1.4 The Marketing Strategy Process: Path to Profitability
The path to profitability starts with understanding the needs and wants of customers within the context of the marketing environment. First, customers are grouped into relatively homogeneous subgroups or segments so that customers within a group are similar to each other in the way they respond to the marketing effort directed toward them, which is called segmentation. Next, the company selects or targets segments to serve, which is called targeting. Then, the company positions its product offering for the target customers, which is called positioning.
The Marketing Mix—4 Ps
The 4 Ps of the marketing mix—product, place, price, and promotion—represent the building blocks of marketing strategy. Marketing managers are like business owners: they have products and services to sell, budgets to keep, and profits to make. The decisions marketing managers make regarding the marketing budget and profitability revolve around the marketing mix.
Product
Product refers to products or services. A product is a bundle of attributes in which each attribute and combination of attributes creates value for customers. Demand for a product is generated by customer needs.
Place
Place refers to where products are purchased. Place can be a wide variety of sales outlets, such as a physical brick-and-mortar store, a kiosk in a shopping mall, a counter in a movie theater, or a website on the internet.
Price
Price refers to the amount paid for a product. In many ways, the price is the most difficult element to get right in the marketing mix.
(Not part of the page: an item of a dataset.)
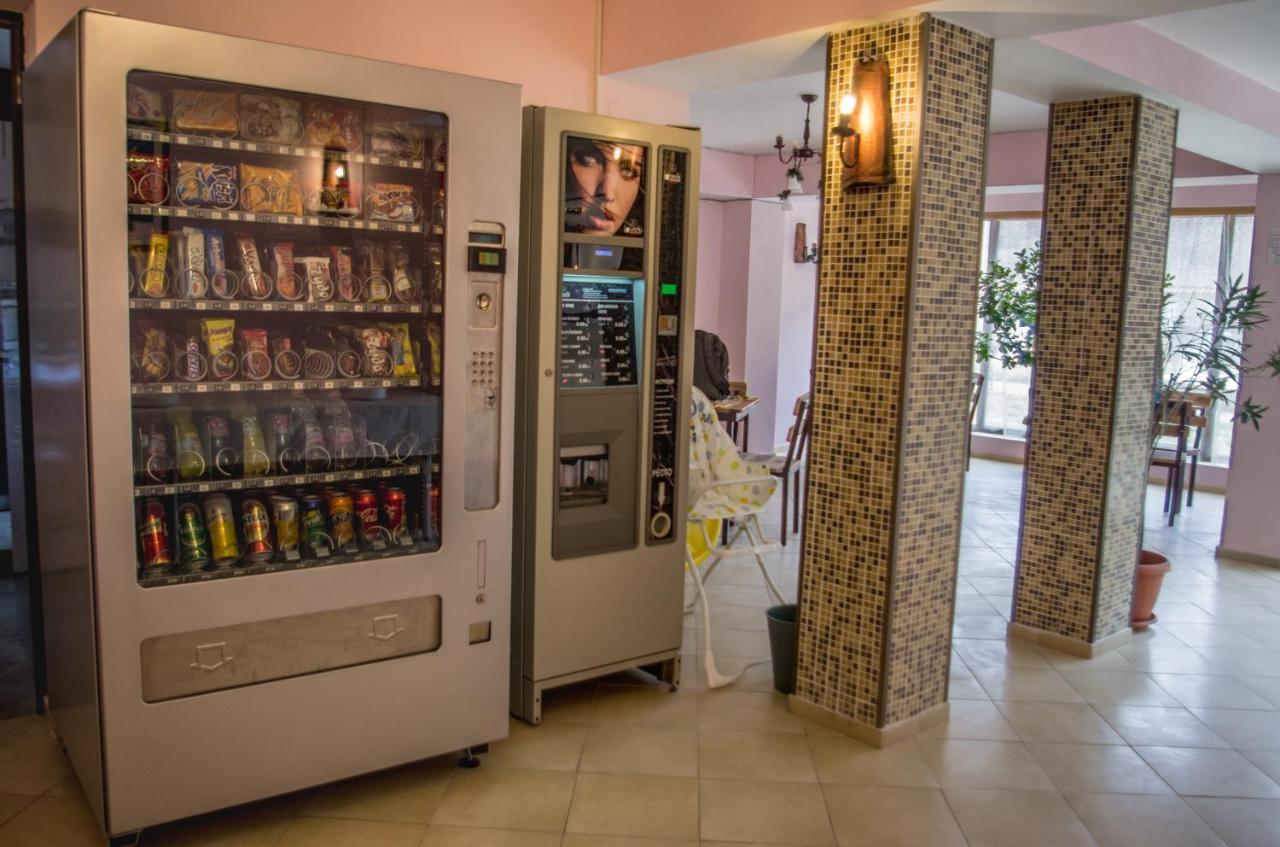 Family Hotel Virgin Ribarica Εξωτερικό φωτογραφία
Manufacturers are concerned with cost, whereas consumers are concerned with price. Being focused on cost can lead to prices that are too high, squelching demand, or prices that are too low, shrinking profitability.
Promotion
Promotion refers to many different marketing activities, such as advertising, public relations, sales promotions, trade promotions, personal selling, and digital marketing. Promotion and marketing encompass much more than television and print advertising!
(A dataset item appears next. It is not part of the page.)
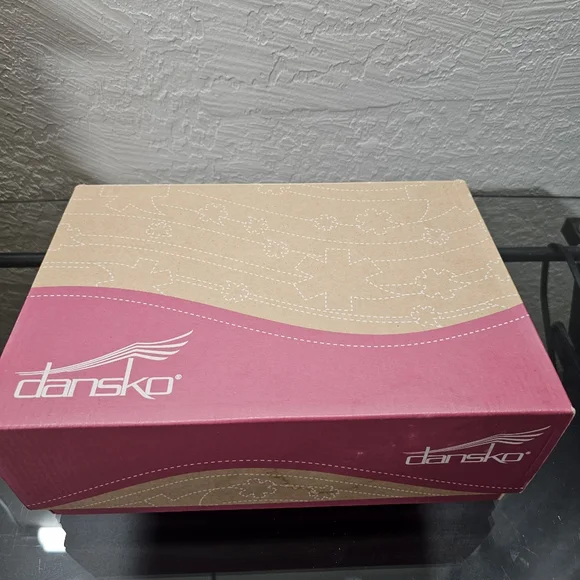 Dansko Women's Season Sandals White Full Grain - Picture 9 of 9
Each element of the marketing mix requires the marketing manager to make choices. For example, if we add a new product, should it extend the brand into a new category (brand extension) or should it extend the line with a broader set of options (line extension)? Should a new product be premium-priced with many cutting-edge features or economy-priced with a trimmed-down feature set? Where should we sell the product? Should we limit ourselves to a few exclusive outlets or should we aim for wide distribution? Does the color and type of package matter? What should we put on the package to make it stand out so consumers choose our product rather than a competitor’s product? Should we price the product based on its cost to manufacture and distribute or based on customer value? What can we do to increase the perception of value a customer receives from the product? Which promotions will build sales without undermining perceptions of product quality? What are the best ways to build awareness and product interest? Which messages are best at driving product sales?
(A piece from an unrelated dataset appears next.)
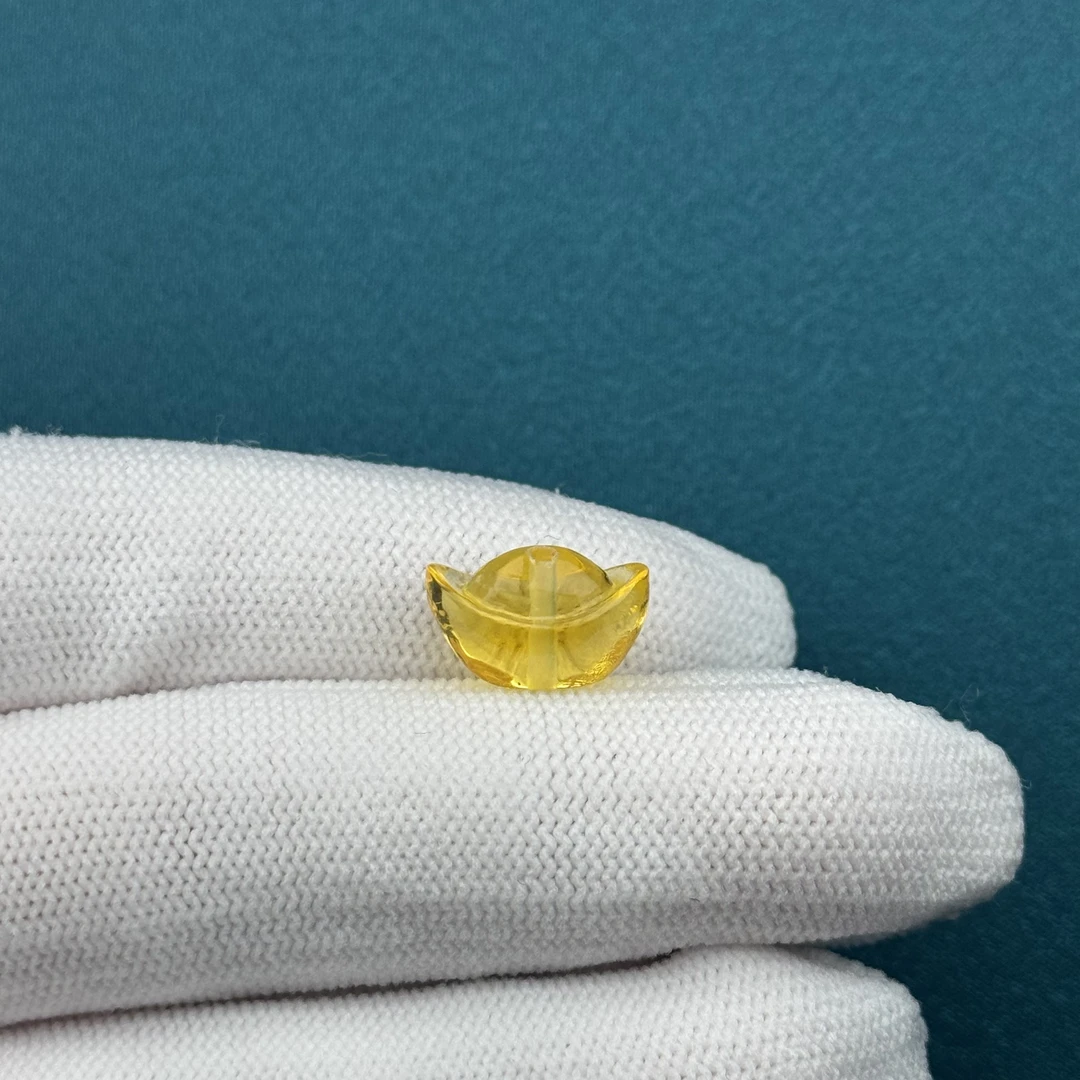 E69-19天然原矿蜜蜡 雕刻配饰 13.9*8.8mm支持复检假一罚十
Crafting a cohesive marketing mix is the bread and butter of marketing management, and when it comes to the marketing mix, it is obvious that there are a lot of complicated decisions involved. Marketing managers try their best to get everything right; however, monumental disasters happen, like Pizza Hut’s Bigfoot, McDonald’s Arch Deluxe hamburger, New Coke, and Pepsi Slim. Just google “marketing flops” and read on in amazement! Experience, marketing research, consumer insight, and hard work all help marketing managers make good choices. Additionally, to avoid big misses, we recommend marketing through the eyes of brand champions, which we’ll talk about in the next section.